Doris Lessing: Books for the hungry

Doris_lessing

It is an astonishing fact that Zimbabwe, after 20 years of a rule that has starved libraries and schools of books, is full of people who yearn for books, who see them as a key to a better life, and whose attitude is similar to that of people in Europe and the USA up to 50 years ago who read because they agreed with Carlyle’s dictum ‘the real education is a good library’ — and aspired to be educated.

There are libraries and libraries. Some I am involved with would not be recognised as such in more fortunate parts of the world. A certain trust sends boxes of books out to villages which might seem to the illinformed no more than clusters of poor thatched mud huts, but in them may be retired teachers, teachers on holiday, people with three or four years of education who yearn for better. These villages may have no electricity, telephone, running water, but they beg for books from every visitor.

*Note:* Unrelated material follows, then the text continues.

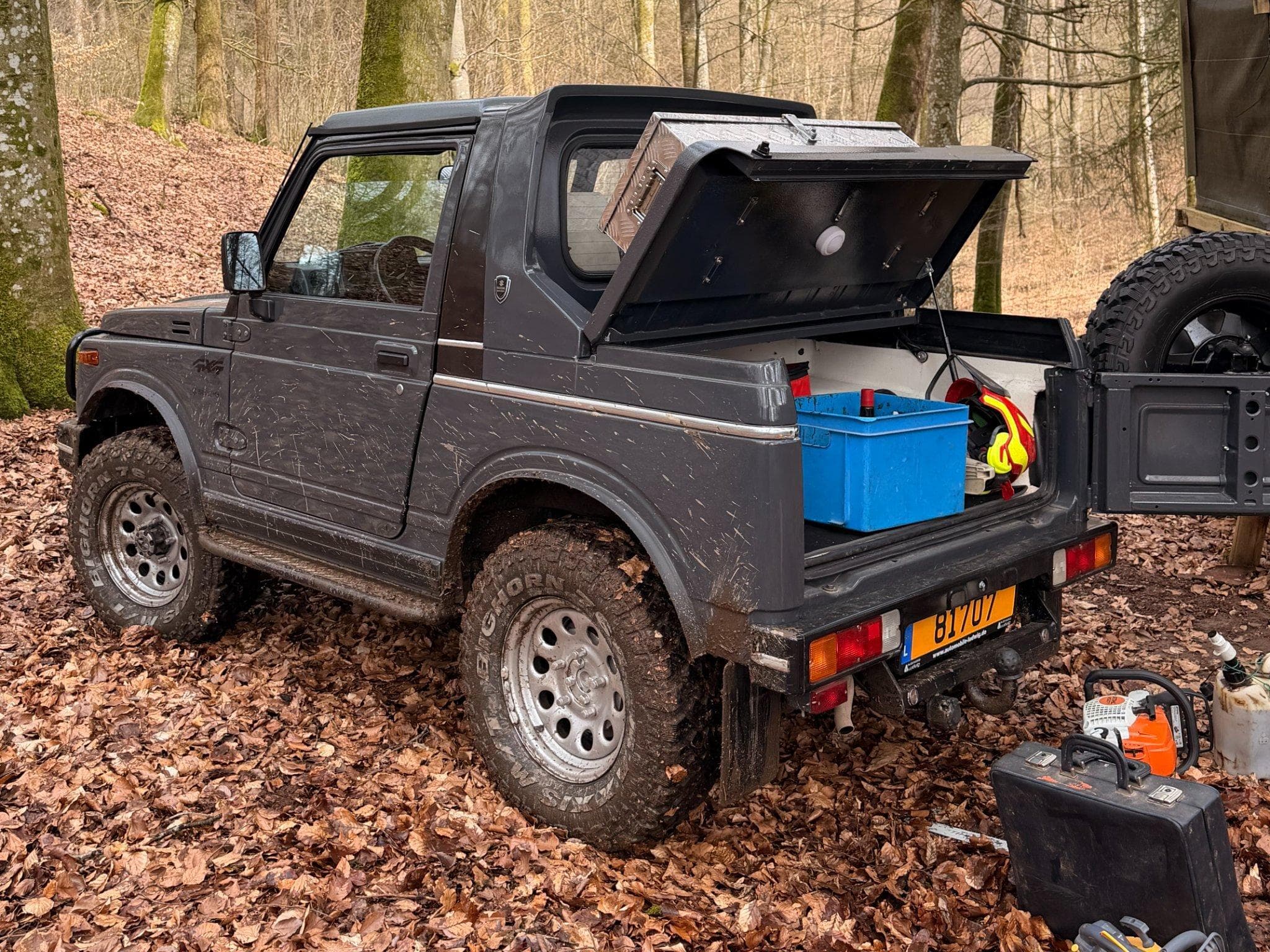 Suzuki SJ413 1.3 Carburateur 5 speed 4x4 (1987) - Photo 4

Perhaps a hut may be set aside for books, with a couple of shelves in it, or shelves or a trestle may be put under a tree. In a bush village far from any big town, or even a little one, such a trestle with 40 books on it has transformed the life of the area. Instantly study groups appeared, literacy classes — people who can read teaching those who can’t — civic classes and groups of aspirant writers.

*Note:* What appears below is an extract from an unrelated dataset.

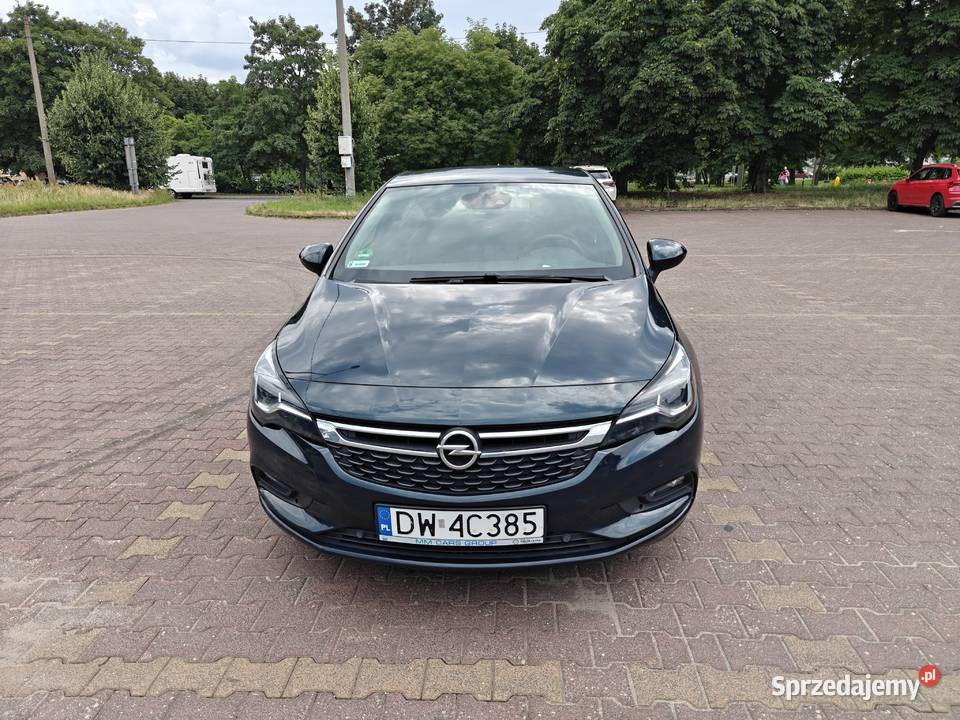 Opel Astra 14 T Elite SS niski przebieg Wrocław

A letter from there reads: ‘People cannot live without water. Books are our water and we drink from this spring.’

An enterprising council official in Bulawayo sends out books by donkey car — ‘our travelling library’ — to places where ordinary transport cannot go, because there are no roads, or roads that succumb to dust or mud.

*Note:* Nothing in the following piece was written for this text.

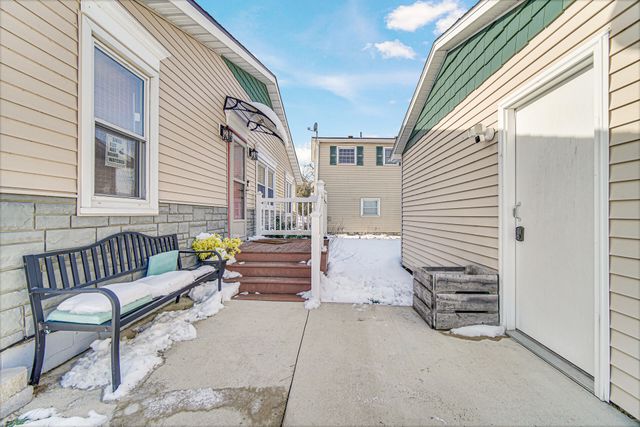 5027 E Woodland Drive, Knox, IN 46534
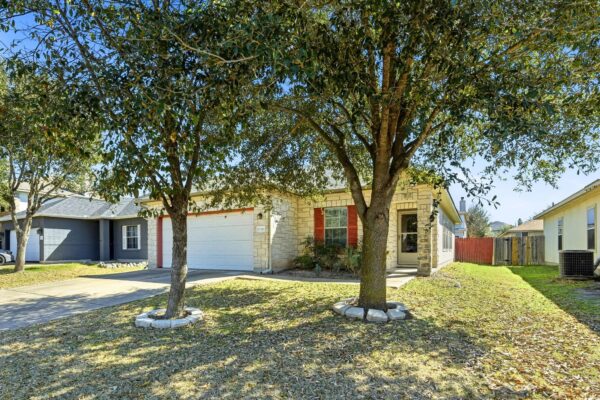 13313 Marie Ln, Manor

A friend of mine, known to be involved with organisations that supply books, was approached .by two youths in a bush village near Lake Kariba who said, ‘We have built a library, now please give us the books.’

The library was a shelf in a little lean-to of grass and poles, but the books would never succumb to white ants or the book-devouring fish-moth, because they would always be out on loan.

A survey was made in the villages and it turned out that what these book-starved people yearn for are romances, detective stories, poetry, adventures, biography, novels of all kinds, short stories.

Exactly what a survey in this country would reveal — that is, among people who still read.

One problem is that these people do not know what is available that they might like if they tried. The Mayor of Casterbridge was a school set book one year and was read by the adults, and so people ask for books by Hardy.

The most popular book everywhere is George Orwell’s Animal Farm. Another that has queues waiting for it is World Tales by Idries Shah, and it is not only the tales themselves, but the scholarly footnotes attached to them which people enjoy. They say of a story, perhaps from the Sudan or the USA, ‘But we have a story just like that.’

One problem is that people, hearing of this book hunger, at once offer to donate their cast-off books. These are not always suitable. Donations would be better. Book Aid International, based in London, sends books out to book-starved countries.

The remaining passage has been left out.